Once in a Red Moon(1923)
His Name Was Not Forgotten(1943)
Lady with the Dice (1946)
The Stopped Clock (1958)  Never Leave My Bed olarak (1963) tekrar basılmış

bizde hiç yayınlamamış diğer kitapları.

Gözlerine İnanma'da hikaye Dr Riddle tarafından anlatılarak başlıyor. Odada yanı başında yatmakta olan kızın nişanlısı öldürülmüş ,sağ eli kesilmiştir. Olayları kronolojik olarak aktarmaz,sürekli başka bir ayrıntı ekleyerek gider gelir. Dolayısıyla anlatıcı dahil herkes size şüpheli görünmeye başlar.
Atmosfer karanlıktır , doğa üstü olaylar varmış gibi hissettiren bu mekansal karanlık  ve orman gotik bir arka plan yaratır.

Kişisel olarak Altın Çağ kurgularını çok eleştirmeyi tercih etmiyorum.Hep dediğim gibi zamanı için klasik sayılabilecek ve kabul görülebilecek davranışlar üzerinden kuruluyor hikayeler.

30 Ocak 2019 Çarşamba

ÇİN PORTAKALI - ELLERY QUEEN



Ellery Queen adı aslında, ikisi de 1905 doğumlu Amerikalı kuzenler Frederic Dannay ve Manfred Bennington Lee ‘nin dedektiflik öykülerini yazdığı mahlas. Kitapları Ellery Queen yazar adıyla yayınladıkları gibi ana dedektif karaktere de aynı ismi veriyorlar.
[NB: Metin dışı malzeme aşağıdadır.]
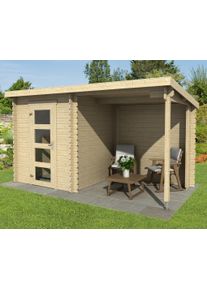 Gartenhaus Lasita Maja "Jelle 175 Plus", beige (naturbelassen), ohne Fu&szlig;boden, R&uuml;ckwand, ohne Dacheindeckung, Massivholz, Gartenh&auml;user, Gartenhaus, Blockbohlenhaus 28mm mit Anbau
Bu arada onların da gerçek isimleri Daniel Nathan ve Emanuel Benjamin Lepofsky. Ellery Queen adı altında 1929’dan 1971’e kadar 30’dan fazla roman ve bazı hikayeler yazıyorlar. Dannay ayrıca 1941’den beri basılan Ellery Queen's Mystery Magazine ‘in kurucusu ve çok uzun süre editörlüğünü de yapıyor. Dergiye sonra bakmak isteyenler için link bu.


1961’den sonra başka yazarlara da o dönem popüler olduğundan gene Ellery Queen adını kullanarak ancak ana karakterin O olmadığı  kitapları basmalarına izin veriyorlar.
Kuzenlerin 4 kitabı Drury Lane isimli başka bir dedektif hikayesi. O da Barnaby Ross takma adını kullanıyor :)
Son kitapları ise Lee’nin öldüğü yıl 1971’de yayımlanıyor artık.
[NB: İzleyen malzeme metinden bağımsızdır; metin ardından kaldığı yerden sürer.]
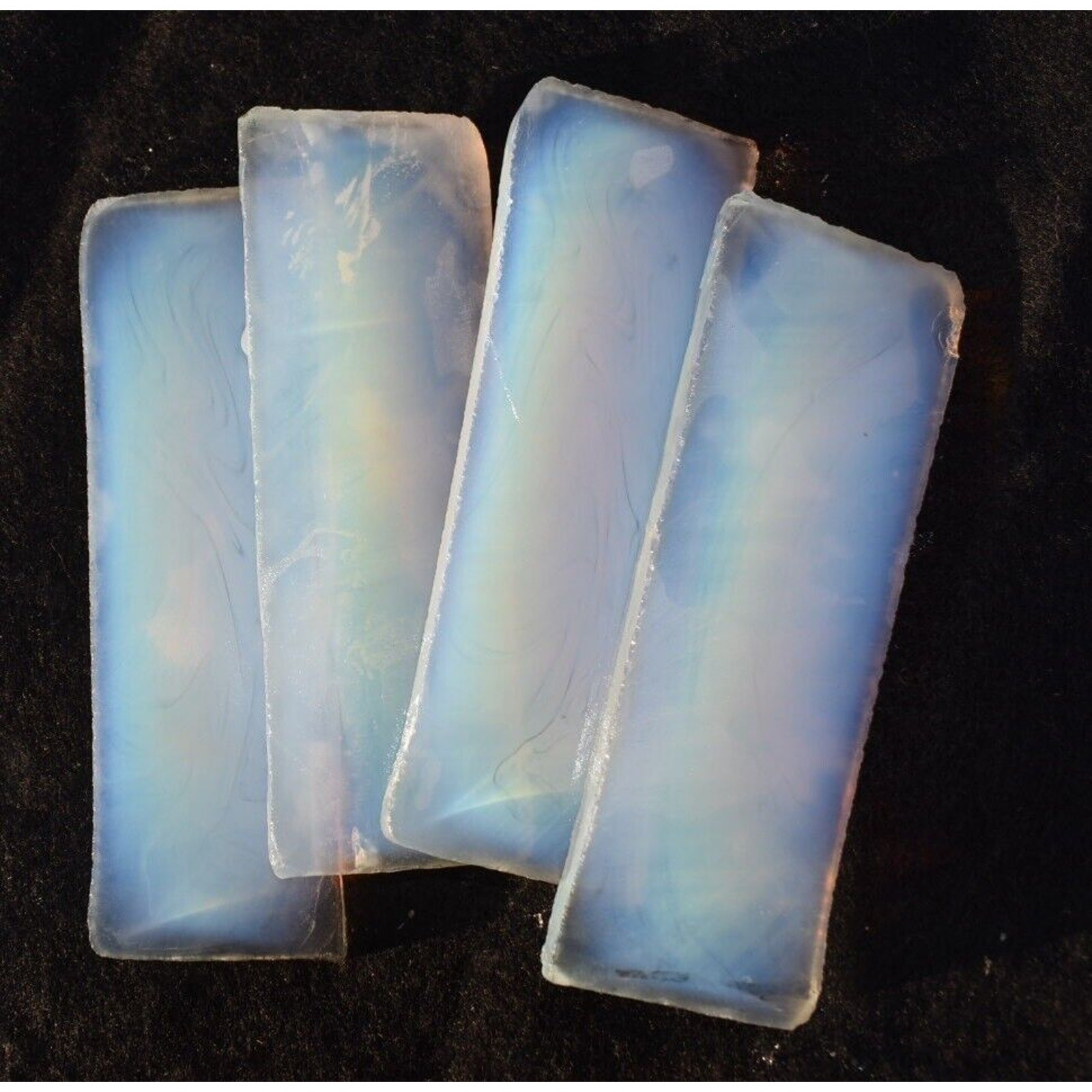 Opalite SLABS (4) Opal Glass Mosiac Flint Knapping Cabochon 5.3" x 1.62" x .25"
Çin Portakalı 1936’da Mandarin Mystery olarak filme çekiliyor. Kitap tüm zamanların en iyi kapalı oda gizem kategorisinde ilk 8 ‘de sayılıyor. Aynı dönemin yazarı Van Dine’in  satışları düşerken Ellery Queen’in popülerliği artıyor.

Tür olarak Kapalı Oda ve imkansız Suç kategorisine girmesine rağmen yazıldığı tarihe kadar yayımlanan  benzerlerinden farklılık gösteriyor. Kapı kapalı ama 2 kapı var. Mağdurun adı yok yada kim olduğu çok da önemli değil gibi üzerine konuşulacak farklılıklar barındırıyor.

Kitabın giriş bölümünde okuyucuya bir meydan okuma var. 191.sayfaya gelindiğinde olayı çözecek tüm donelere sahip olacağımızı söylüyor ki çözebilen varsa saygıyla eğiliyorum J

Çin Portakalı Altın Çağ Dönemi içinde gerçekten kült olarak tanımlanabilecek ve literatür okuma yapmak isteyenlerin kaçırmaması gereken bir kitap.